I found huckleberries again this year — as ever in my usual spot not far from the Columbia River. Others have been telling stories of huckleberries in the valleys and along lower mountain slopes. The internet is alive with huckleberries for sale —hard to believe at $10 a pound.
My first two pickings produced half a pail to a pailful in a three-hour day. This is considered by regular pickers as awfully slow. That’s correct, but then I qualify my comment by saying the berries were huge and succulent. Though there were only a few berries per bush where I was picking, I still picked enough to freeze, some to make jam, and a few to eat with my morning cereal.
When I pick, I’m steady and stick to it. Even if I’m in a patch with only a few berries, I pick the bushes clean before moving on to look for a better crop. In fact, I don’t mind picking the little black berries along with the larger ones — they’re all delicious. My hunkering down in one patch and staying there until the berries are finished bothered my kids when I took them along. They simply wanted to wander, and they clearly only wanted the marble-sized berries.

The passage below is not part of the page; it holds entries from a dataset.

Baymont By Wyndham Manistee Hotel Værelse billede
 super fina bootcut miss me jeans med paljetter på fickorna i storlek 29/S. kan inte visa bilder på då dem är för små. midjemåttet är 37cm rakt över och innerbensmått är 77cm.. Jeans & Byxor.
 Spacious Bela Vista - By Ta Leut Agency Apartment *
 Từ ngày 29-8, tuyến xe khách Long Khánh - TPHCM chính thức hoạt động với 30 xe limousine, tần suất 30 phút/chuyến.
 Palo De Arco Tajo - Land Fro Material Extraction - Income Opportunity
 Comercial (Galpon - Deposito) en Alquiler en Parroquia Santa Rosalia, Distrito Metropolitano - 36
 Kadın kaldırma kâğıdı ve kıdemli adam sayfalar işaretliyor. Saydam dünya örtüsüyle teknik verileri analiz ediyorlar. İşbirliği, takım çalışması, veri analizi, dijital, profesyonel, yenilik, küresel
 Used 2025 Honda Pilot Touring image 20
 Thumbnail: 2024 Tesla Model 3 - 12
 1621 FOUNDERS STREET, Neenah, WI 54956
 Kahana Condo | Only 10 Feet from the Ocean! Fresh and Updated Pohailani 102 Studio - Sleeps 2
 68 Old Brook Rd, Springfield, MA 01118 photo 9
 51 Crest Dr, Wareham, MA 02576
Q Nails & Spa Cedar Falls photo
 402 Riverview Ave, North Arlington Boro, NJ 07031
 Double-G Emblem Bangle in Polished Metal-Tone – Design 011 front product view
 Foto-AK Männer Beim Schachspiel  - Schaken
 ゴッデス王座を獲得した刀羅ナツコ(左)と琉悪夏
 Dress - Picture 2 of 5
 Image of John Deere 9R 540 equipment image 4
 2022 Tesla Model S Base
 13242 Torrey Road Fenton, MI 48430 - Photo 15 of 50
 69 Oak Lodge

I used to be able to pick a pail of huckleberries at about the same rate as other pickers. Now, I lag behind, clearly demonstrated by my son finishing his pail at least a half hour ahead of me. I noticed my “slowness” too a couple of years ago when I took my college friend picking up near Nancy Greene Park. He hadn’t picked huckleberries before, and he ended up with more than I had.
My excuse is that I pick “clean”, and many of my friends pick leaves and berries.
Most of my huckleberry friends ramble while they pick. My long-time former-teacher friend covers the entire plot by the time we’re ready to head home. My older friend who grew up on huckleberries wanders here and there, picking away and whistling. A few days ago, my son travelled around the entire patch on the cliffside — and still outpicked “steady” me.
When I lived on the prairies, I was a champion picker of saskatoons (service berries). I discovered, however, that no one here in the mountain valleys of B.C. will eat saskatoons if huckleberries are available. The mountain saskatoons are much too woody even though the flavour is similar to the prairie saskatoons.
Later, living at the Coast, we picked saskatoons, made saskatoon tarts, and told our new friends they were in for a treat. They tasted them, but they wouldn’t eat them. They told us huckleberry tarts were far superior, and after they brought huckleberry tarts to our house, we had to agree with them. Now I only pick huckleberries.
I may browse on a few saskatoon berries on my way to the dark-purple and black huckleberries somewhere up ahead, but I leave the bulk of the saskatoons for the bears.
It’s especially pleasant to pick huckleberries early in the season. They’re always available up where the Kinnaird Park Community Church is located and along many of the nearby trails as far south as the Kinnaird bench. Early on, they’re evident along several fairways at the local golf course. Often they can be found in mid-July in the Merry Creek trail areas.
Beyond that, would-be pickers will have to wait until late July and head up to Nancy Greene Lake, to the Bombi summit trails, or up to sites on Rover Creek. The best patch, if you can get there, is in the high country of Goose Creek. It takes a bit of exploring and a touch of luck, but there are huckleberries to be found.